■ EXERCISE: Everything in the listing must be repeated exactly, apart from the images.

■ DATASET EXTRACT:
----------------

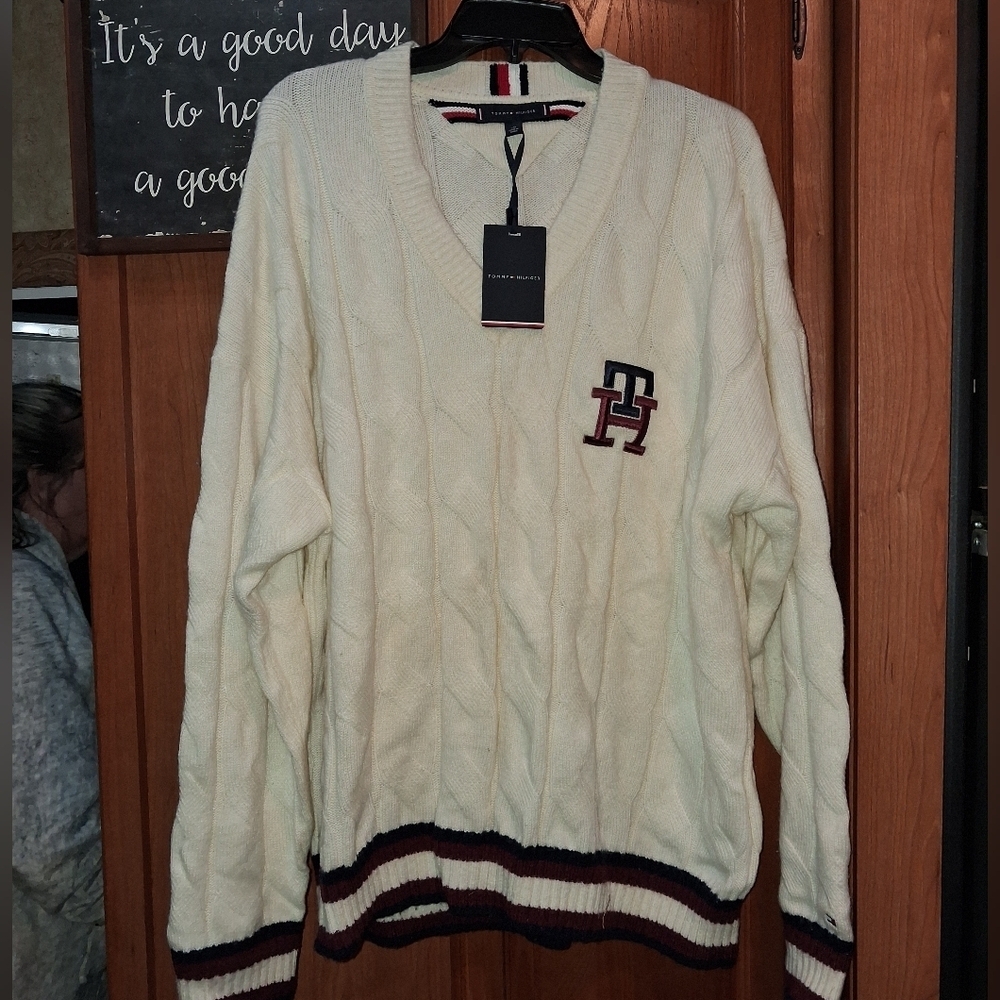 Tommy Hilfiger V-Neck Wool Cable Knit Sweater in Cream and Burgundy In A Large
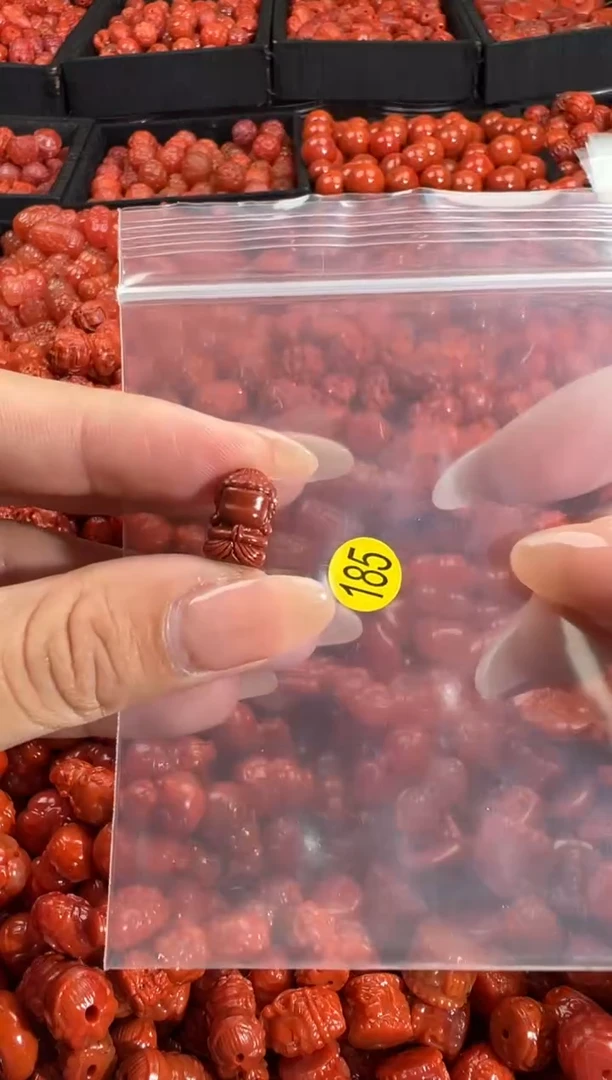 颈饰未镶嵌南红玛瑙1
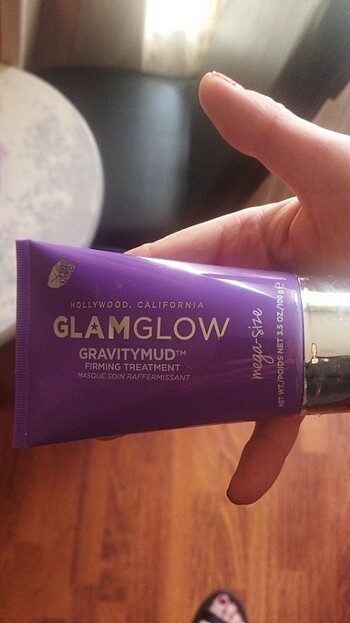 GlamGlow gravity mud mask sıkılaştırıcı maske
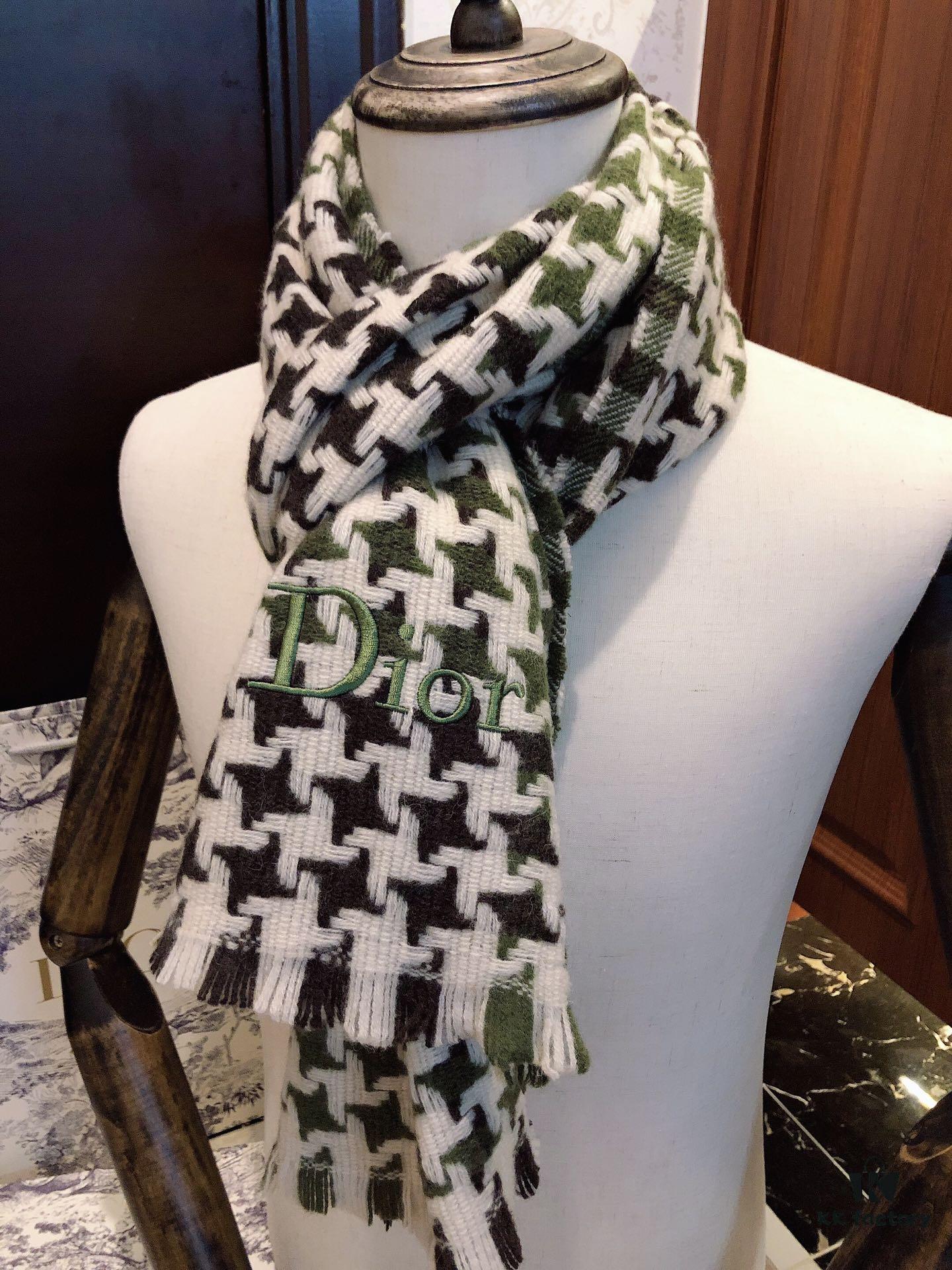 Dior D House Houndstooth Z Street Style! Classic Logo Embroidery, Houndstooth Pattern Gradually Enlarging from Small to Large, Requiring Extremely High Craftsmanship. Perfect Color Matching, All Timelessly Stylish – A Must-Have in Every Color! Material: 100% Wool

----------------

■ SOLUTION TO THIS TASK:
 Tommy Hilfiger V-Neck Wool Cable Knit Sweater in Cream and Burgundy In A Large
 颈饰未镶嵌南红玛瑙1
 GlamGlow gravity mud mask sıkılaştırıcı maske
 Dior D House Houndstooth Z Street Style! Classic Logo Embroidery, Houndstooth Pattern Gradually Enlarging from Small to Large, Requiring Extremely High Craftsmanship. Perfect Color Matching, All Timelessly Stylish – A Must-Have in Every Color! Material: 100% Wool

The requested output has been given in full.